Ceci m’amène à considérer le modèle démocratique imposé à l’Afrique à partir de la Conférence de la Baule comme un piège tendu aux dirigeants africains afin d’exercer sur eux d’odieux chantages pour non respect des droits de l’homme et des principes démocratiques. Ils vont même jusqu’à financer des manifestations des rues pour qu’en cas de répressions des manifestants, ils puissent s’en saisir pour exiger, à grands renforts des campagnes médiatiques, le départ du président dictateur qui a utilisé la force létale disproportionnée.
Par ailleurs, j’étais surpris d’entendre un Président de la République d’un pays de l’Afrique de l’Ouest parler du » Nouvel Ordre Mondial «
Comme à leur habitude, ils sautent sur des concepts nouveaux dont Ils ne maîtrisent ni les contours ni les contenus sémantiques. Quels desseins macabres se cachent derrière ce Nouvel Ordre Mondial ? Qui connaît tous les projets qui se trament derrière la belle consonance de ce groupe des mots ?
En matière de développement, les pays africains n’ont guère fait mieux. Ils ont, pour la plupart, adopté les modèles de développement proposés par les autres.
C’est ainsi que vous trouverez un grand nombre de pays qui ont essayé d’appliquer le modèle socialiste, d’autres le modèle communiste (marxisme-léninisme) ou encore le système libéral.
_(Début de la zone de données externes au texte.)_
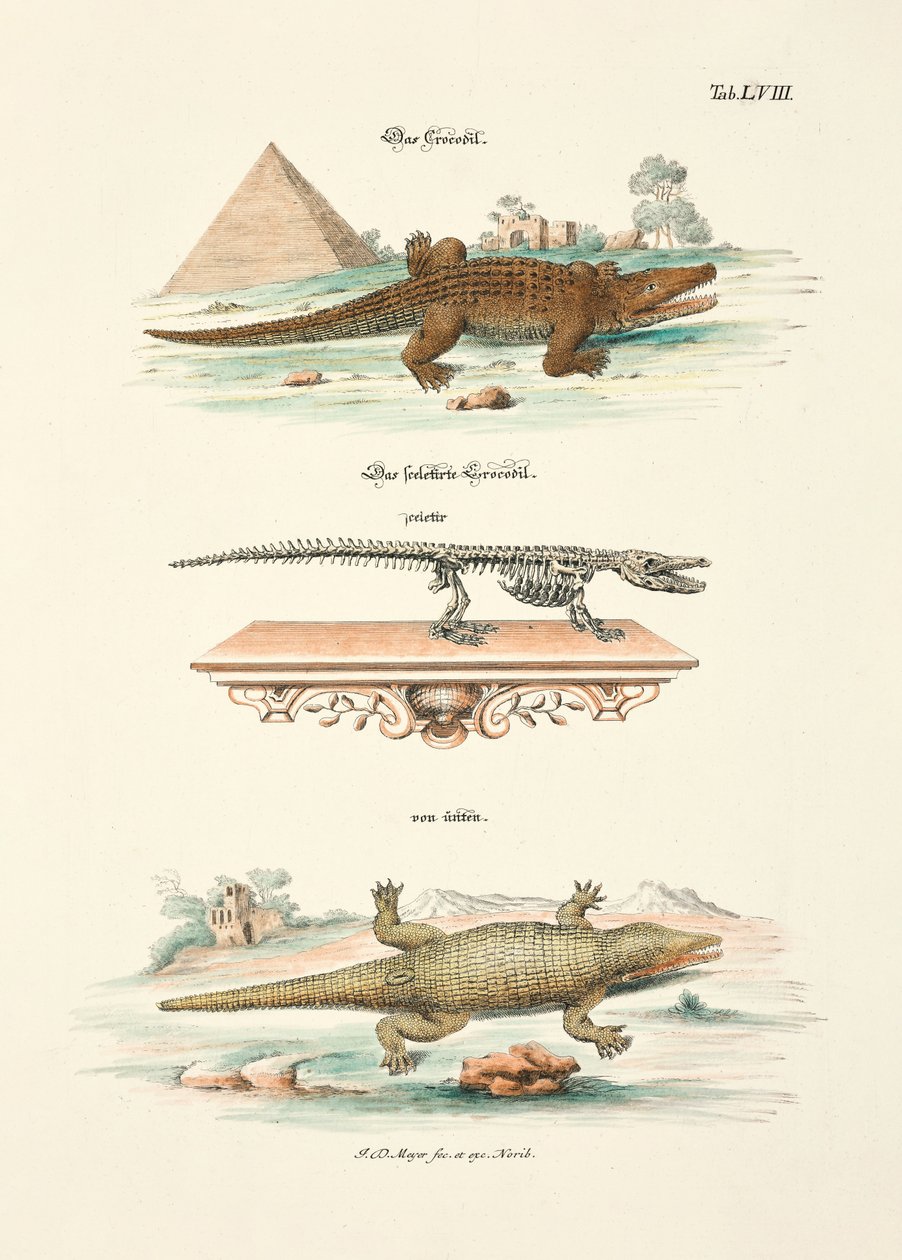 O crocodilo e o seu esqueleto de Johann Daniel Meyer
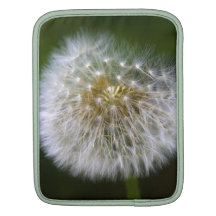 Pusteblume Manga De iPad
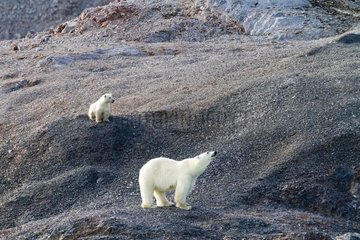 Polar bear on the young side Spitsbergen Svalbard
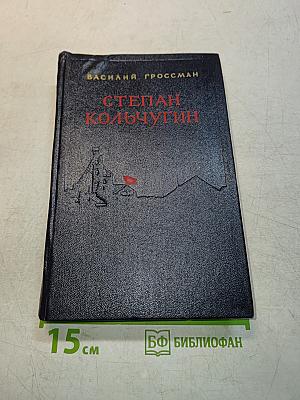 Степан Кольчугин. Книга вторая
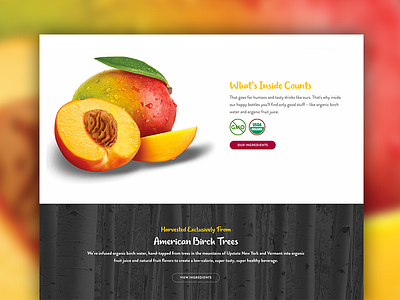 New Treo Website adobe fruit illustrator photoshop texture ui ux web design
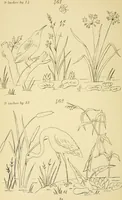 An illustration from Briggs & Co.'s patent transferring papers : protected by Her Most Gracious Majesty's royal letters patent (1880)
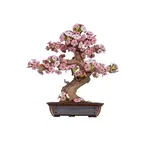 Hands Craft Sakura Bonsai Wooden Puzzle
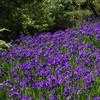 77mm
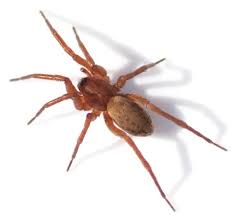 Attēlu rezultāti vaicājumam “Agroeca brunnea”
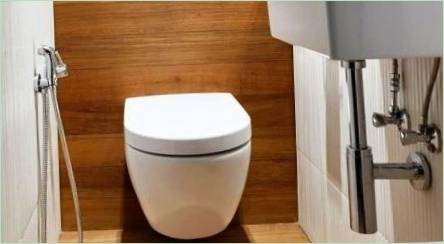Laminát na WC: Pros a nevýhody, výber, príklady konečnej úpravy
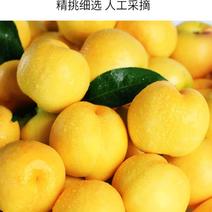 【特选推荐】山东黄金油桃非黄毛桃一件新鲜现摘现发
On sait aujourd’hui où est-ce que tout cela a conduit.
Vers les années 80, sont arrivés les programmes d’ajustement structurel proposés par les institutions de Bretton Woods ( la Banque mondiale et le Fonds monétaire international) à tous ceux de pays qui voulaient se relever économiquement, par la stabilisation du cadre macroéconomique, entre autres.
Après plus de 40 ans d’application des ajustements structurels, aucun pays africain n’a réussi à se sortir des difficultés économiques, comme tout analyste économique sérieux peut aujourd’hui l’attester.
Bien au contraire, tous ces pays sont en train de ployer sous le poids de la dette devenue exponentielle. Ils sont pour la plupart en train de négocier l’effacement ou l’allègement de la dette pour se sortir de la spirale de l’endettement.
Les quelques exceptions que l’on décèle ici et là se retrouvent dans les pays qui ont rejeté les programmes d’ajustement structurel proposés par le FMI et la BM et ont mis en place leurs propres programmes de développement basés sur les réalités de leurs pays.
Enfin, tant que les pays africains se verseront dans un suivisme aveugle des programmes d’ajustement structurel, en multipliant le nombre de revues avec le FMI en termes d’appuis budgétaires, ces pays africains resteront toujours en voie de sous-développement !
Il en sera de même en matière de démocratie. Les pays africains devraient concevoir des modèles politiques basés sur leurs réalités et cesser avec le mimétisme politique.